Il compare les proportions des trois ordres grecs à celles de l’homme, de la femme et de la jeune fille et tout naturellement, cette distinction lui sert à déterminer le style des temples et des autres édifices suivant leur destination.
C’est également dans le livre IV que nous trouvons la touchante histoire du chapiteau corinthien, tel qu’elle est encore contée de nos jours :
“Le troiième genre de colonnes est appelé corinthien,
il représente la délicatesse d’une jeune fille à qui
l’âge rend la taille plus dégagée et plus susceptible
de recevoir les ornements qui peuvent augmenter la beauté naturelle.
L’invention de son chapiteau est fondée sur cette rencontre.
Une jeune fille de Corinthe, à peine nubile, mourut subitement: lorsqu’elle fut inhumée, sa nourrice alla porter sur son tombeau, dans un panier, quelques petits vases que cette fille avait aimés pendant sa vie, et afin que le temps ne les gâtât pas aussi promptement en les laissant à découvert, elle mit une tuile sur le panier, qu’elle posa par hasard sur la racine d’une plante d’acanthe; il arriva, lorsque au printemps les feuilles et les tiges commencèrent à sortir, que le panier qui était sur le milieu de la racine fit élever le long de ses côtés les tiges de la plante qui, rencontrant les coins de la tuile, furent contraintes de se recourber en leurs extrémités, et produisirent le contournement des volutes.
Le sculpteur Callimachus, que les Athéniens appelèrent Catatechnos à cause de la délicatesse et de l’habileté avec lesquelles il taillait le marbre, passant auprès de ce tombeau, vit le panier et la manière dont ces feuilles naissantes l’avaient environné.

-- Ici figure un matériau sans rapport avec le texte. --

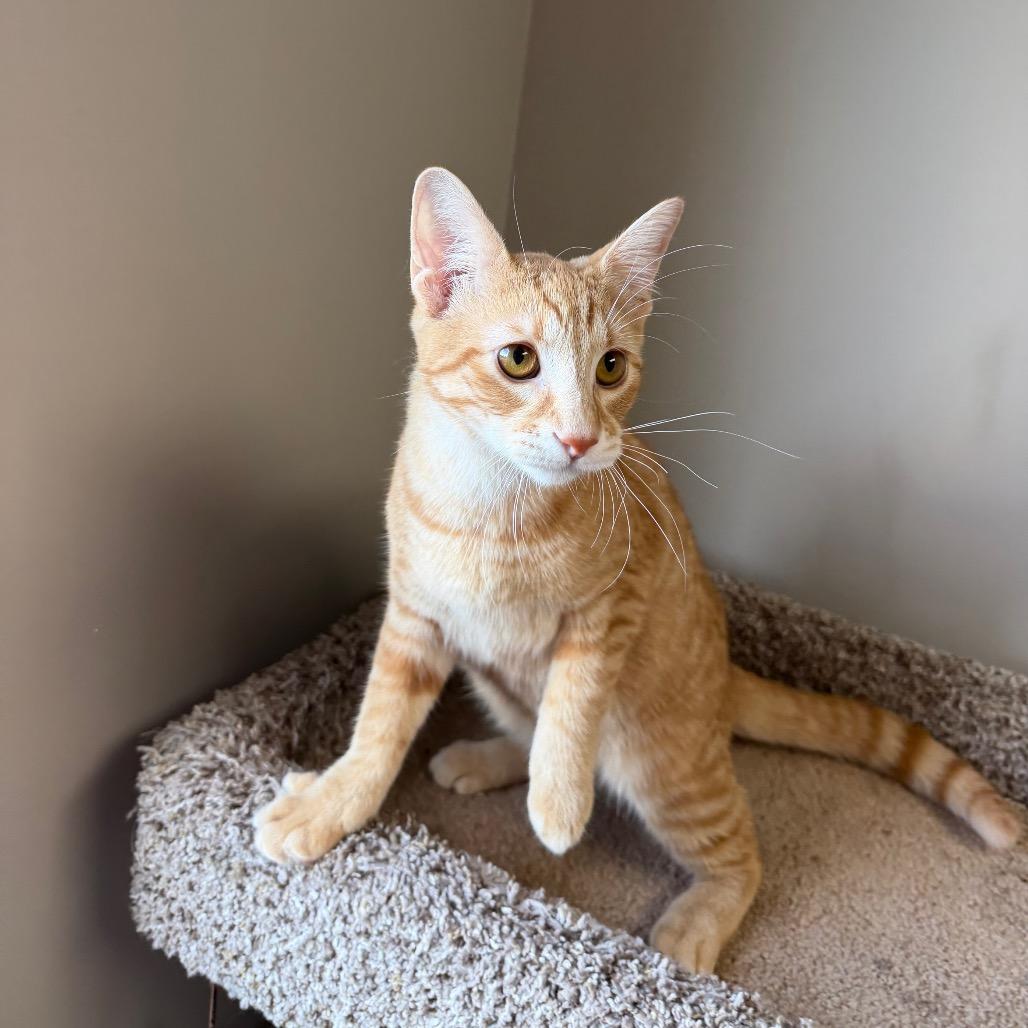 Enlarge Gemini, a Adoptable Domestic Medium Hair in Detroit Lakes, MN image 5/6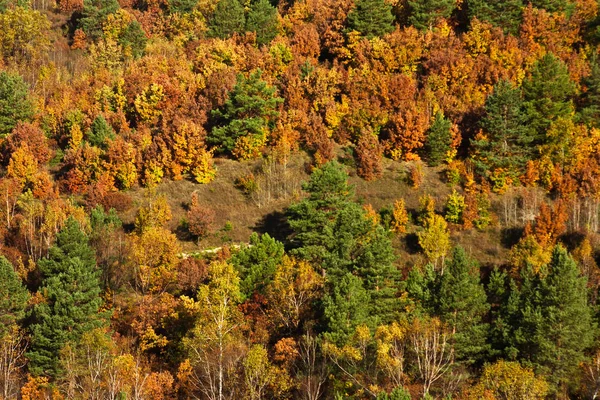 Barevné Podzimní Les Dálného Východu Kopcích Údolí Řeky Amur Zelené — Stock fotografie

Cette forme nouvelle lui plut infiniment, et il en imita la manière dans les colonnes qu’il fit depuis à Corinthe, établissant et réglant sur ce modèle les proportions et la manière de l’ordre corinthien”.
Elle se dégage avec évidence de son oeuvre, c’est un homme pragmatique, observateur de la nature et respectueux de ses lois. Un beau discours peut faire illusion, une construction ne tient debout que si les règles sont appliquées.
La Rome de son époque avait de nombreux Dieux à qui l’on élevait des autels en tenant compte de leur spécificité, les Saints les ont remplacés avec plus ou moins de bonheur en en reprenant le logis et parfois le nom.
La pluralité était génératrice d’une pensée libre chez ceux qui, en leur construisaint les Temples aidaient les Dieux à remplir leurs fonctions, Vitruve ecrit :
“La convenance que requiert la nature des lieux, consiste à choisir les endroits où l’air et les eaux sont les plus sains pour y placer les temples, principalement ceux qu’on bâtit au dieu Esculape, à la déesse Santé et aux autres divinités, par qui l’on croit que les maladies sont guéries; car, par le changement d’un air malsain à un air salutaire, et par l’usage de meilleures eaux, les malades pourront se guérir plus aisément, ce qui augmentera beaucoup la dévotion du peuple, qui attribuera à ces divinités la guérison qu’il doit à la nature salutaire du lieu.”
Les maçons étaient déjà “de la religion du pays” dans lequel ils travaillaient, tout en conservant leurs certitudes ou leurs hypothèses personnelles.